リュミエール兄弟からハリウッド、ニュース映画まで、
ありとあらゆる映像と、
ありとあらゆるテクスト、
ありとあらゆる音声
が引用されコラージュされ、
「映画」の「歴史」を醸し出そうとする。
その一筋縄でいかなさが、実にゴダールの強度。
ビデオ撮影・編集技術をフルに動員して、それでもゴダールらしい音と映像のオーヴァーラップが美しい均衡を実現している。
はっきり言ってわかりにくい。
けれど、見ているうちに一定の様式らしきものを感じ取ることができる。
もしフランス語と英語が聞き取れるならば、もっとよく感じ取ることができるだろう。

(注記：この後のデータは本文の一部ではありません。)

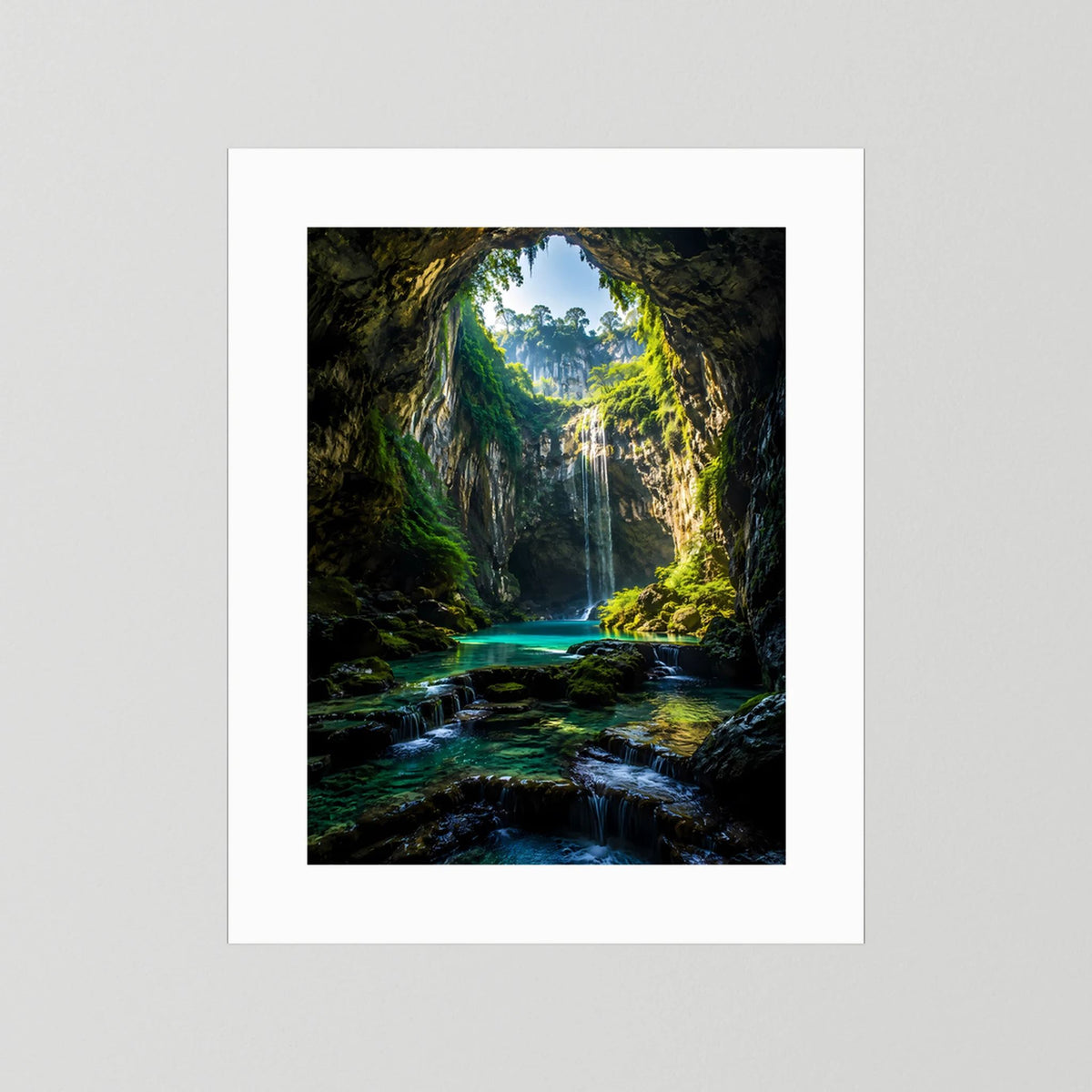 Hochformatiges Kunstposter mit weißem Rand: Wasserfallhöhle und türkisfarbener Bach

(残念)
特に戦時中の映像に関する部分や、宗教に関連していく部分は、迫力あるコラージュで
観る者につきつけてくる何かがある。
何を突きつけるかを論じれば意味のある記事になるんだろうけれど、
力が足りず「感じ取った」以上には進めない。
パゾリーニの「奇跡の丘」からの引用があった。
病を治すシーンと、力強く説教を語る言葉が引用されていた。
聖書の言葉がまるで映画の歴史への訓辞のように聞こえる。
忍耐強く観る必要がある。
これはやっぱり闘争しつづけた映像作家の闘争なんだろう。